The Center verified that the Complaint together with the amended Complaint satisfied the formal requirements of the Uniform Domain Name Dispute Resolution Policy (the “Policy” or “UDRP”), the Rules for Uniform Domain Name Dispute Resolution Policy (the “Rules”), and the WIPO Supplemental Rules for Uniform Domain Name Dispute Resolution Policy (the “Supplemental Rules”).

In accordance with the Rules, paragraphs 2(a) and 4(a), the Center formally notified the Respondent of the Complaint, and the proceedings commenced on June 7, 2012. In accordance with the Rules, paragraph 5(a), the due date for Response was June 27, 2012. The Respondent did not submit any response. Accordingly, the Center notified the Respondent’s default on July 3, 2012.

The Center appointed Hariram Jayaram as the sole panelist in this matter on July 6, 2012. The Panel finds that it was properly constituted. The Panel has submitted the Statement of Acceptance and Declaration of Impartiality and Independence, as required by the Center to ensure compliance with the Rules, paragraph 7.

4. Factual Background

The Complainant, Autodesk, Inc., is a corporation duly organized and existing under the laws of the State of Delaware, in the United States, with its principal place of business in the State of California in the United States. The Complainant is the owner of the AUTODESK trade mark.

The disputed domain name was registered on November 5, 2009.

5. Parties’ Contentions

A. Complainant

The Complainant has for nearly three decades used the AUTODESK trade mark in connection with the Complainant’s commercial offering to the public of licensed copies of computer software programs, associated user manuals and related documents. The Complainant has incorporated the AUTODESK trade mark, which is based on its name, into the names applied to many of its software products, including without limitation, at least fifty two products registered with the United States Copyright Office in 2010 alone. The Complainant has continually used its AUTODESK trade mark in commerce since at least February 1983.

The Complainant sells licenses all over the world and on every continent for its various software products that incorporate the AUTODESK trade mark into their names and/or include the trade mark in product packaging. Today there are over nine million users of the Complainant’s products. To accommodate this enormous user base, the Complainant works with approximately 1,700 channel partners, 3,300 developments partners and 2,000 authorized training centers to assist customers with their worldwide use of its products known by names that incorporate the AUTODESK trade mark and/or that include the AUTODESK trade mark in product packaging.

The Complainant has spent millions of dollars to advertise and promote, around the world, its products that have the AUTODESK trade mark incorporated into their names and/or include the AUTODESK trade mark on product packaging. The Complainant has distributed at least 9.3 million standalone copies, and at least 8.3 million additional copies bundled into suites, of its products that have the AUTODESK trade mark incorporated into their names and/or include the AUTODESK trade mark in product packaging. Unsolicited media coverage tying the AUTODESK trade mark to Autodesk is widespread. The Complainant operates a web-based service entitled “Autodesk® Seek” at “http://seek.autodesk.com”. The point of the Autodesk® Seek webpage is to enable designers to discover, preview, and download building-information models (“BIM”) and BIM-related drawings and specifications; and provide manufacturers a way to connect with designers and consumers who specify or recommend building products.

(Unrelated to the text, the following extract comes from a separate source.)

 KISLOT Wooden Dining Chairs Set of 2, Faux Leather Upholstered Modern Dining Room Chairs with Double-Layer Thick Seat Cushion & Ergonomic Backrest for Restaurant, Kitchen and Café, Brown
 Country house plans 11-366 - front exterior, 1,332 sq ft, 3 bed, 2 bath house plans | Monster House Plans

The Complainant owns the exclusive right to use the AUTODESK trade mark in the United States, the countries that comprise the European Union, the Benelux, Canada, China, and in the dozens of other countries around the world from which the Complainant has obtained registrations for the AUTODESK trade mark. The Complainant also has common law rights in its AUTODESK trade mark substantially preceding the Respondent’s registration of the disputed domain name. The Complainant has cultivated sufficient secondary meaning in the AUTODESK trade mark as a unique source identifier of its products such that the Complainant has proven its common law rights therein.

The <seekautodesk.com> domain name is, without question, confusingly similar to the Complainant’s AUTODESK trade mark. The generic prefix “seek” does nothing to dispel the connection drawn by the public between the AUTODESK trade mark and the disputed domain name. The Respondent unquestionably chose the domain to capitalize on, and cause confusion in connection with, the Internet users who are seeking: (a) the Complainant itself; or (b) the official Autodesk® Seek Webpage maintained by the Complainant at “http://seek.autodesk.com”, which is devoted to connecting different segments of the Complainant’s products user community. It is obvious the Respondent chose the word “seek” for the disputed domain name prefix simply to improperly trade off the AUTODESK trade mark’s fame and to cause confusion with the Complainant’s <seek.autodesk.com> domain name in order to knowingly divert consumers looking for the Complainant or its products or services to the sponsored links and the third party websites for the purpose of either advertising products which compete with those published by the Complainant or for distributing illegal copies of the Complainant’s products; additionally, the Respondent earns click-through revenues from users who click on the sponsored links and/or purchase products through the third party websites.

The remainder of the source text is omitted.